Sin apenas sentirlo, el correr del tiempo va empequeñeciendo las habitaciones donde jugábamos. Un día dejamos de volar cometas y, casi a traición, se empiezan a llenar nuestros bolsillos de objetos útiles. Los mismos que irán abultando, bajo el traje chaqueta, el volumen de nuestras obligaciones.
Lola Beccaria
Cuando uno es niño ansía crecer para poder disfrutar de los placeres prohibidos, para ser el patrón de barco que gobierne el timón de su propia vida. Tanto lo anhelamos, que cuando llega la ocasión, la mayoría de las veces no estamos preparados.
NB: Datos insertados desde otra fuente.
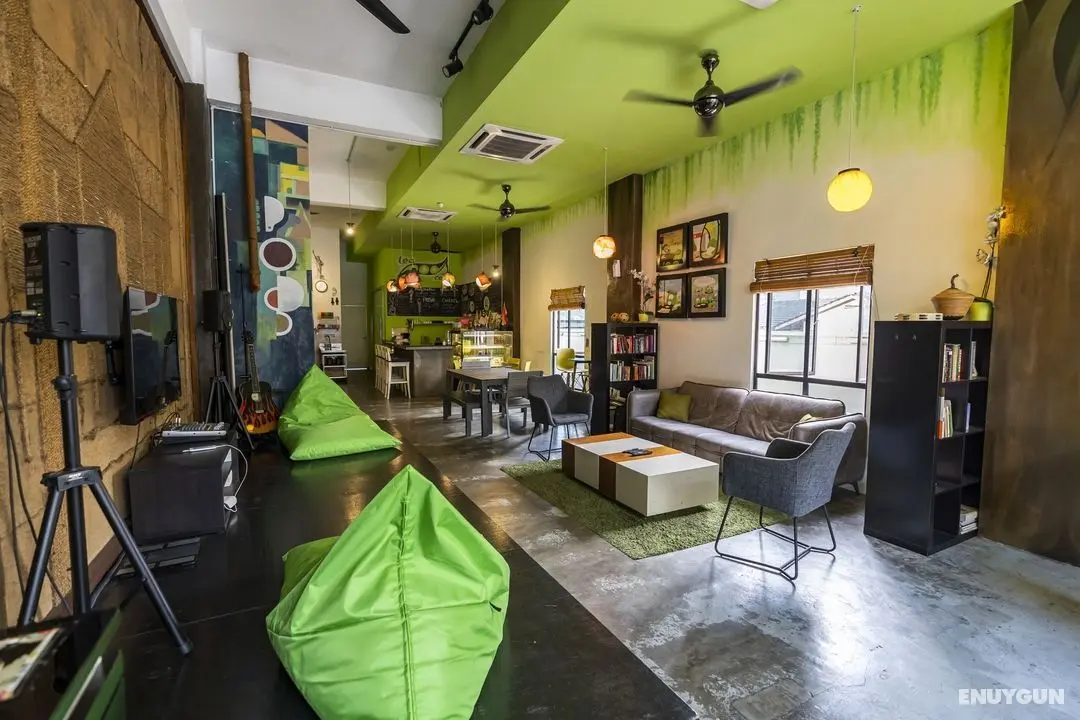 PODS THE BACKPACKERS HOME CAFE - Öne Çıkan Resim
Nadie nos enseñó a manejarnos en las tormentas de la vida adulta, no fuimos capaces de entender cuantos tifones y huracanes ha de afrontar el capitán del barco. Nos olvidamos de asistir a la escuela de marineros de la vida, empeñados en ser desde el principio capitanes. Por eso, las obligaciones cotidianas nos asfixian y, muchos días, nuestro niño interior perece o naufraga tomando decisiones de adulto. Muchos adultos quisiéramos ser niños y volver a disfrutar de los placeres infantiles que antaño desdeñamos. Tenemos que crecer, cuando nos gustaría menguar. Nos resignamos a ser adultos y cada mañana intentamos reanimar a nuestro niño ahogado. Si pudiéramos saltaríamos al bote salvavidas, abandonaríamos el barco y yendo a la deriva buscaríamos la isla del tesoro. ¡Si fuera posible …!, pero hay cosas que solo se enseñan y se aprenden con los bolsillos vacíos, en la niñez.